# Uvalde dove hunts-now booking!!!!!!!



## saltaholic (Feb 19, 2005)

After a great season last year we are now booking again this year for north and south zones.Hunts are full day and are scheduled on whatever ranch we find has the most birds when we scout the day before your hunt.We have plenty of areas betwen Knippa,Uvalde,Crystal city and Batesville to locate birds and we hunt all of the prime food plots and flyways.Prices are $70 per person and Father-son hunts for $130.We meet in the mornings and then you follow us to the field for a great day of hunting and fellowship.Lodging packages are also available for groups of twelve or more and are all inclusive.The local hotels fill fast,so hurry if you are interested.Call me for details...................................thanks ,Steve

832-466-2825


----------



## Dav1500 (Feb 15, 2005)

If you have ever hunted Uvalde than you know its is some of the best dove hunting in Texas. $70 is a good price for hunts in uvalde- most outfitters charge around $100 per person. My advise is to catch it early. Northzone birds will be under alot of pressure after about the 3rd week so you will want to get down here before then-cant forget about the white wings either. If you know the flight pattern of the white wings than be ready for every single person to limit out in less than an hour.


----------



## deke (Oct 5, 2004)

$70 per day?


----------



## troy merrill (May 21, 2004)

*White wings*

We don't bother with mourning doves any more. White wings are bigger and more plentiful. Nuisance birds really. But they sure eat good.

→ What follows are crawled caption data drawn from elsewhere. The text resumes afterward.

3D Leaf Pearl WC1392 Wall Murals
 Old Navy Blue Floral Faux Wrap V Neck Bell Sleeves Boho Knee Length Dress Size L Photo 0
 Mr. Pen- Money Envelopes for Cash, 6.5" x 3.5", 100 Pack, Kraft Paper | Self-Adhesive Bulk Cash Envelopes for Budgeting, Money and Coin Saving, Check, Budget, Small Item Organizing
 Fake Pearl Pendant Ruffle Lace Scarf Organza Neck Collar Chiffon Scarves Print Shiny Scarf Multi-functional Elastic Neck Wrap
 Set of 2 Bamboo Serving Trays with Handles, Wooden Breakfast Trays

What we have seen is the WW's come in later, but in large numbers. We let mourners fly and enjoy a cup of coffee and then pick shots of birds that fall to your feet......It was too easy last year. That $75/day was spent almost immediately.


----------



## Bigwater (May 21, 2004)

Wow! This sounds pretty darn good.

Biggie


----------



## 220swifter (Apr 5, 2005)

It's been a while since I went on a day dove hunt, but $70 seems a bit high. Used to be able to get on a season lease for not much more than that. Oh well, if they can get it, more power to them.


----------



## InfamousJ (May 21, 2004)

220swifter said:


> It's been a while since I went on a day dove hunt, but $70 seems a bit high. Used to be able to get on a season lease for not much more than that. Oh well, if they can get it, more power to them.


*?*

Define "been a while", please. LMAO


----------



## speckle-catcher (May 20, 2004)

2 years ago I hunted Sabinal and the going rate was $75 a day, so $70 seems fair.


----------



## TXPalerider (May 21, 2004)

InfamousJ said:


> *?*
> 
> Define "been a while", please. LMAO


Must have been just after the last world war. Price of poker went up a while back!!!  LOL


----------



## troy merrill (May 21, 2004)

*$75/day*

Been paying that for about 5 years or so, for sure. Maybe longer.


----------



## boat_money (May 21, 2004)

i know a few fields you can hunt for $40 if you'd like... you'll be lucky to see a bird after opening day tho.


----------



## boat_money (May 21, 2004)

oh i miss the $10/day quail and dove hunts i had access to near lubbock. some older farmer lady had lost her husband and advertised hunt in the university paper. $10 to hunt all day long and it was 55 minutes from my apartment. white meat - ummmmmm


----------



## speckle-catcher (May 20, 2004)

boat_money said:


> white meat - ummmmmm


birds or the old farmer lady?


----------



## waterspout (May 21, 2004)

that just aint right,speckle-one, rotf!


----------



## deke (Oct 5, 2004)

Never have paid more that $40, $70 sounds like Gore prices, if you can get it more power to you.


----------



## boat_money (May 21, 2004)

the other white meat, wrapped in bacon with a jalapeno... good one and dang fast. you responded almost b4 i hit post


----------



## Freshwaterman (May 21, 2004)

I've hunted with these guys for the past 3 years and every trip I have limited out. They have plenty of land to choose from and these young men know where the birds are. I suggest that people start booking now. Last year I used their lodging and it was top of the line.You would be impressed on what they have to offer.


----------



## 220swifter (Apr 5, 2005)

Well I called a friend that is pretty in the know down there. He told me that $50 to $70 per day is the norm. I stand corrected. It is hard to believe those prices, but that is where we are today. Good Luck.

220swifter


----------



## James Howell (May 21, 2004)

deke said:


> Never have paid more that $40, $70 sounds like Gore prices, if you can get it more power to you.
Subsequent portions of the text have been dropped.